The original people of Gabon were the African Foragers or African Pygmies. Today, the Bantu tribe dominate the region in its varying sub-tribes. There are over 40 groups in the country, with the Fang, Nzebi, Myene and Bandjabi being the majority.

(Gabonese people in 1905)


This country was colonized by the French, and is named after the Portuguese word for cloak, ‘gabao,’ a term the Portuguese used to describe the Komo River in the country. 85% of Gabon is covered in a forest, and the country is home to over 200 mammal species, as well as more than 600 species of birds.
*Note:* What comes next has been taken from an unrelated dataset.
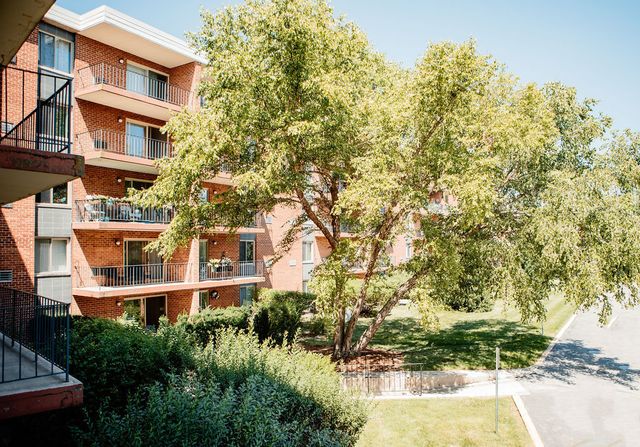 16 E Old Willow Road 206-S, Prospect Heights, IL 60070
(The Grey Parrot of Gabon)


 Before its independence, Gabon was a fourth of the countries that made up the French Equatorial Africa, alongside Chad, Central African Republic and the Republic of Congo. Post-independence, this Central African country has had only three presidents. Gabon’s first president, Leon M’Ba, restricted freedom of speech and enforced dictatorship practices. When M’Ba died in 1968, his former vice president, Omar Bongo stepped up as president and maintained his position for 41 years, from 1968-2009. After Omar Bongo Ondimba died in office, his son, Ali Bongo Ondimba was elected. In 2016, HE Ali Bongo was re-elected for a second seven year term.

(President Ali Bongo Ondimba)


This country’s capital is Libreville, and its port and economic capital is Port Gentil. A third of the country’s population lives in poverty despite its natural resources of petroleum, gold, diamond, cement, manganese, niobium, uranium and more. Although Gabon is one of the most politically firm and economically advanced countries in Africa, the natural resources vs economic wealth disparity is a common theme regarding African countries. According to the World Bank, more than four out of five Gabonese people live in the city, indicating it has one of the highest urbanization rates on the continent. Its economy is dominated by oil, and has been ranked as the fifth largest oil exporter in Africa.

(Libreville, Gabon’s capital)

Gabon’s main dishes include rice, yam, cassava and plantain paired with soups and stews. Some of their meals are cassava Fufu, Mustard Chicken, Bambara or rice porridge, Groundnut Stew, Cassava Leaf and more. Due to colonialism, French cuisine has infiltrated their culture. Beignets or deep fried donuts are very common.
(Poisson Sale, or Gabonese Salted Cod Stew)

Gabon does not have much ethnic conflicts due to many of the tribes intermarrying. Many groups can trace their lineage back to a single ancestor, so marrying a person from their tribe is seen as incest.